# Seismic Data Processing and HVSR

# Introduction

Seismology is one of the oldest and largest branches of geophysics. 
Seismic data is somewhat unique in its breadth of application: from planet-scale studies to hyper-local site characterization. In large part because of the global nature of seismic phenomena and because of the highly destructive potential of earthquakes, seismic data is highly organized and is shared globally. Countries develop their own seismometer networks, the data from which are often available to be downloaded or "streamed" online. Seismic data has many national security implications: it is used to detect nuclear tests, monitor border crossings, and explore for mineral or oil resources.

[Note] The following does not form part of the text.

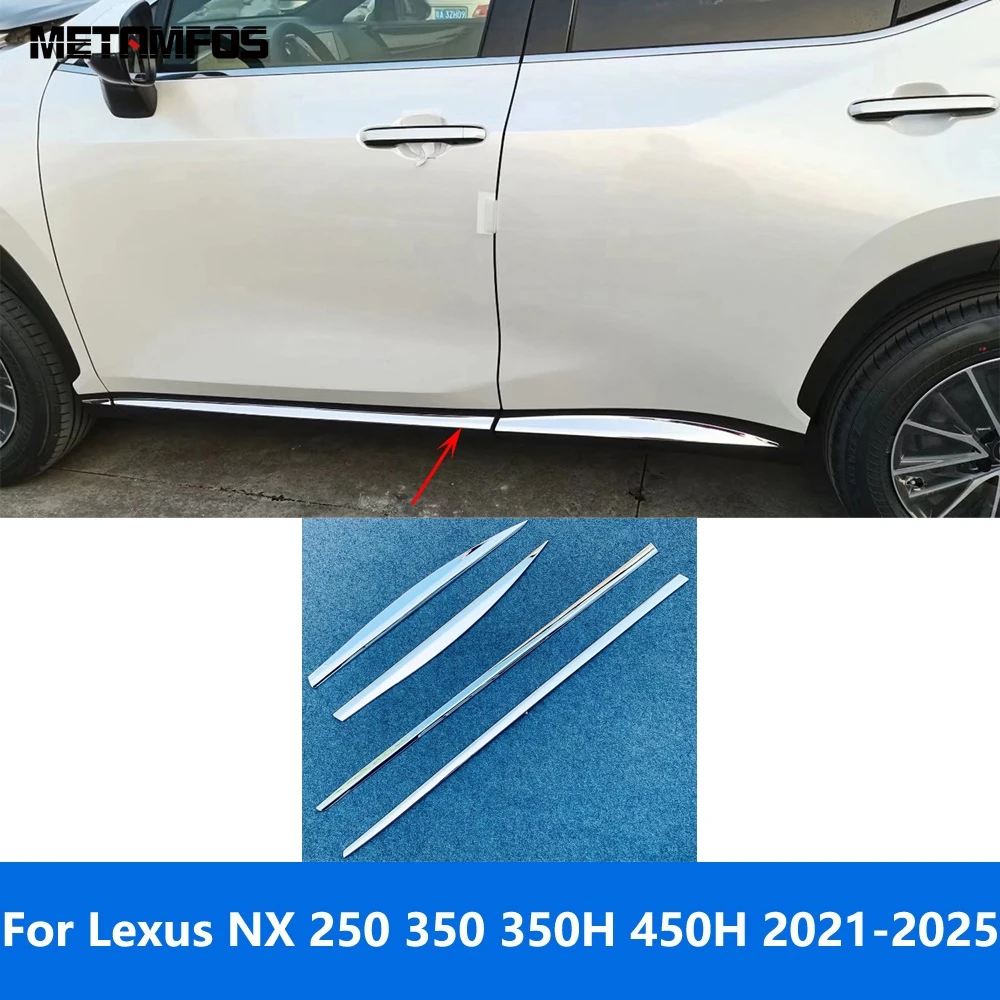 Для Lexus NX 250 350 350H 450H 2021 2022 2023 2024 2025 Хромированная полоса боковой линии двери, накладка на корпус, молдинг, наклейка, аксессуары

Seismic data (as well as HVSR specifically, which we will focus on here) is also one of the only types of data collected on Earth, the Moon, and Mars.

A basic understanding of seismic data, processing, and terminology is often expected in most roles having to do with geopysics.
Environmental applications of seismic geophysical data are not as common as, for example, GPR and ERT.
Understanding how to work with seismic data is still important for those working in environmental geophysics for a number of reason:
* Seismic data and terminology can be used in many environmental applications
* Many of the processing techniques used in GPR are directly analogous to (if not exactly the same as) techniques developed for seismology
* Seismic data have many near-surface applications that will often overlap with environmental investigations

## Seismic Data

Seismic data is at its core time-series data, and many of the processing techniques used in seismology are analagous to (if not exactly the same as) techniques used in and developed for broader signal processing algorithms.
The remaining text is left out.